# RECORDS SHOWN
# # #

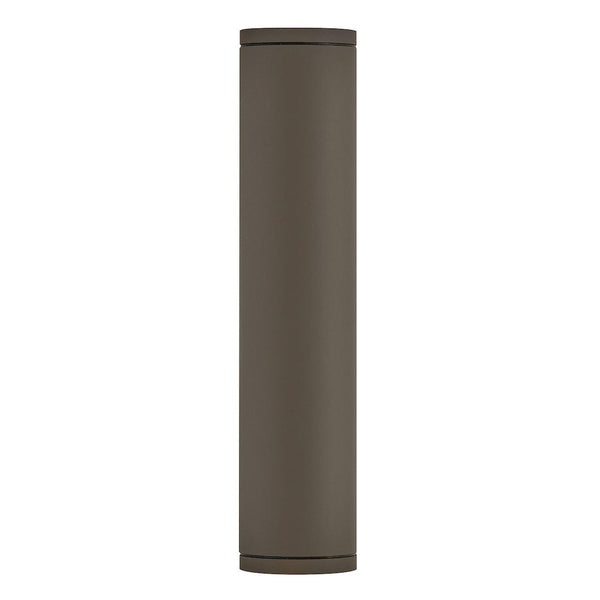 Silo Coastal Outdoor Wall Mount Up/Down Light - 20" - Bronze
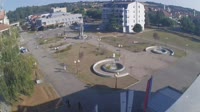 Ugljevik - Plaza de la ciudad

# # #

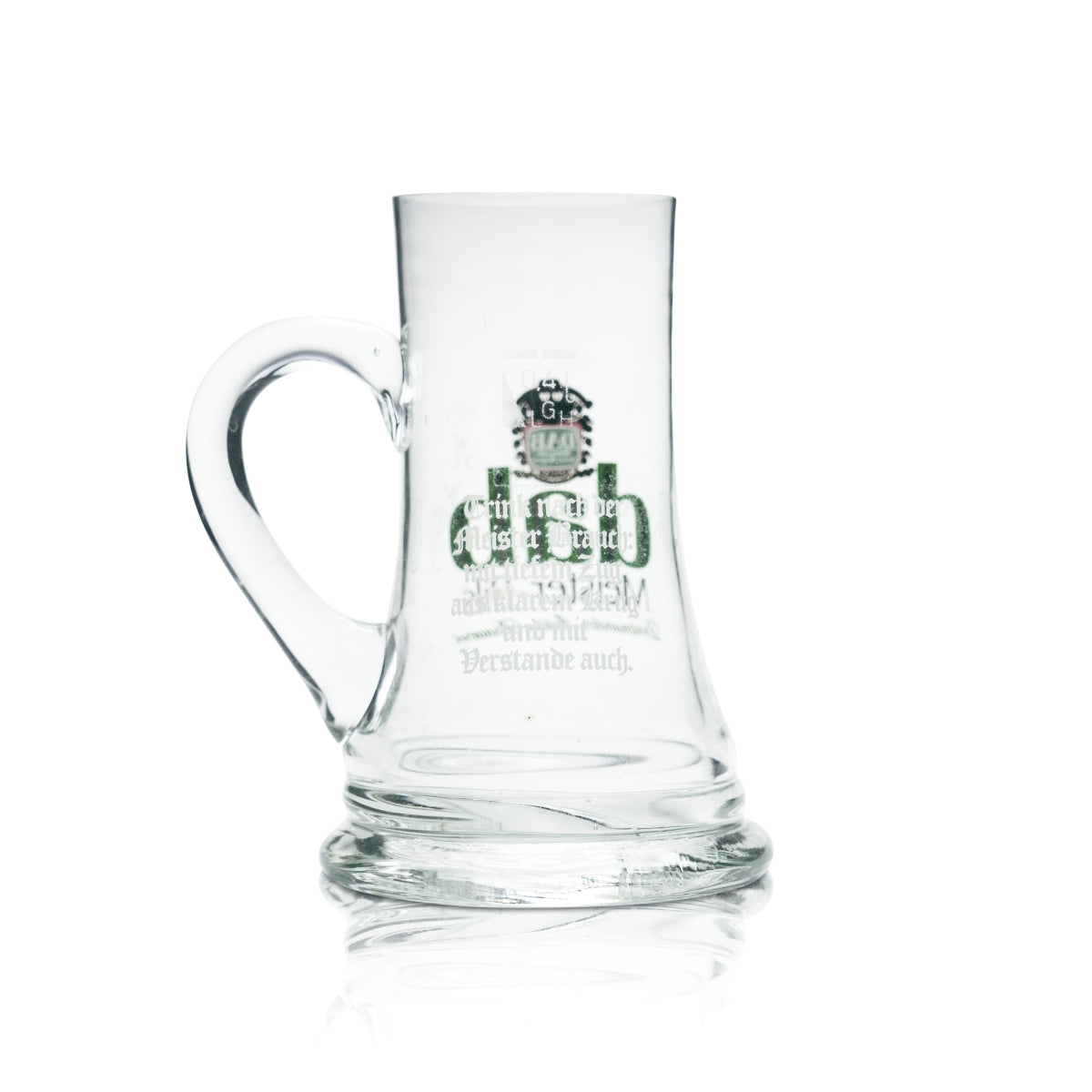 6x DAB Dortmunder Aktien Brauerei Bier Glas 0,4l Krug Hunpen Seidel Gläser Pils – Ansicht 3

# # #

Give back exactly the lines of the listing above from the one that contains "Silo Coastal Outdoor" up to and including the one that contains "Ugljevik - Plaza de la ciudad", but not the pictures, and no other lines.

 Silo Coastal Outdoor Wall Mount Up/Down Light - 20" - Bronze
 Ugljevik - Plaza de la ciudad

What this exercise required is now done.